UK economic performance: who to blame for what

The Chancellors: Steering the British Economy in Crisis Times by Howard Davies is a really interesting read. It’s an account of aspects of the UK’s economic performance since 1997, based on a mixture of looking at data and research, his own personal experience at the heart of the events covered, and interviews with the Chancellors and other senior officials during the past 30-odd years. Now, this could be a bit pedestrian, and it is certainly inside the UK equivalent of the Beltway (London postcode SW1 for Whitehall to EC2 for the Bank of England to E14 for Canary Wharf).

What makes it so interesting is that Sir Howard was in the middle of some key events. He was Deputy Governor of the Bank of England when Gordon Brown made the surprise announcement of its independence in mid-1997. (I was an economics journalist at the time, and remember the press conference vividly – my political editor colleague and I looked at each other asking silently, Did I just hear what I think I heard?) He was also close to the post-GFC debates about how to restructure financial regulation/supervision, having headed the then new FSA from 1997 to 2003. Indeed, his public service career started as an adviser in the Treasury, so he knows the institutions and the people well.

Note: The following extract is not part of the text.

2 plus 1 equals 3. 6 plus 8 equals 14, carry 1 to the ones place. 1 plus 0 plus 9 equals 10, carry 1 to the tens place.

This could still be made dull, in the right hands. But adding to the reading spice, he also makes his not entirely flattering views about certain people perfectly plain. Often on picking up a new book, it’s gratifying to find that you’re cited – with this one, more anxiety-making (my work gets two references, both pretty neutral. Phew). There may be readers who are less than thrilled.

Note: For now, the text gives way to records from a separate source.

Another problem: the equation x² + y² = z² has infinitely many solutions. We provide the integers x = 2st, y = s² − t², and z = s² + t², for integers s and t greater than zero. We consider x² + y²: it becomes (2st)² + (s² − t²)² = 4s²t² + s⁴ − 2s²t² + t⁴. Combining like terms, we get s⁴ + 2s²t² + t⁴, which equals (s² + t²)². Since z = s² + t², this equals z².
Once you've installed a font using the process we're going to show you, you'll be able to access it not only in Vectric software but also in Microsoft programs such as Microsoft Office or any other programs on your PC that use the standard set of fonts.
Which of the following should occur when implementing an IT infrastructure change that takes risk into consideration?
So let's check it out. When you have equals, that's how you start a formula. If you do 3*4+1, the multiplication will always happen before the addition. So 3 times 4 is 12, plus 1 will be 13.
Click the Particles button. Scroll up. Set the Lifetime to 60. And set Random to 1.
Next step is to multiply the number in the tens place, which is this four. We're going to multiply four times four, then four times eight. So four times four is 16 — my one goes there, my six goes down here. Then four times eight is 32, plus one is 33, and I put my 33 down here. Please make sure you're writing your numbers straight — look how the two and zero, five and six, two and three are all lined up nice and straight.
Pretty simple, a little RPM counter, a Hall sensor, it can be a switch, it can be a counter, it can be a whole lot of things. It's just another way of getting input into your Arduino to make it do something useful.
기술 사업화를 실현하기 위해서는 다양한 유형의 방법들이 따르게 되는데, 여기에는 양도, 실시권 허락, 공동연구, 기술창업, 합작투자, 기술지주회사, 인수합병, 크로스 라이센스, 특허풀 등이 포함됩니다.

The book covers a mix of events – the GFC, the Scottish and Brexit referendums – and issues – public spending, climate change, macro policy and performance. It ends with some interesting reflections on the Treasury as an institution and whether it is in the right shape or has the right culture to tackle the challenges ahead, including Covd and climate. His conclusion is no, but not so much because of the embedded Treasury culture that drives many of its critics to despair as because of its under-resourcing. He argues this takes two forms: just not enough money and people, unable to retain staff; and also too many smart generalists who get moved around, and not enough people with deep expertise in say tax policy or financial regulation who stick around. Together these make for inadequate institutional memory and expertise.

So whether you’re interested in the soap opera aspects – who blames whom for what – or the underlying policy debates – how good/bad has the impact of QE been or how should financial supervision be structured – there is a lot to enjoy in this book. Highly recommended for anyone interested in UK economic policy.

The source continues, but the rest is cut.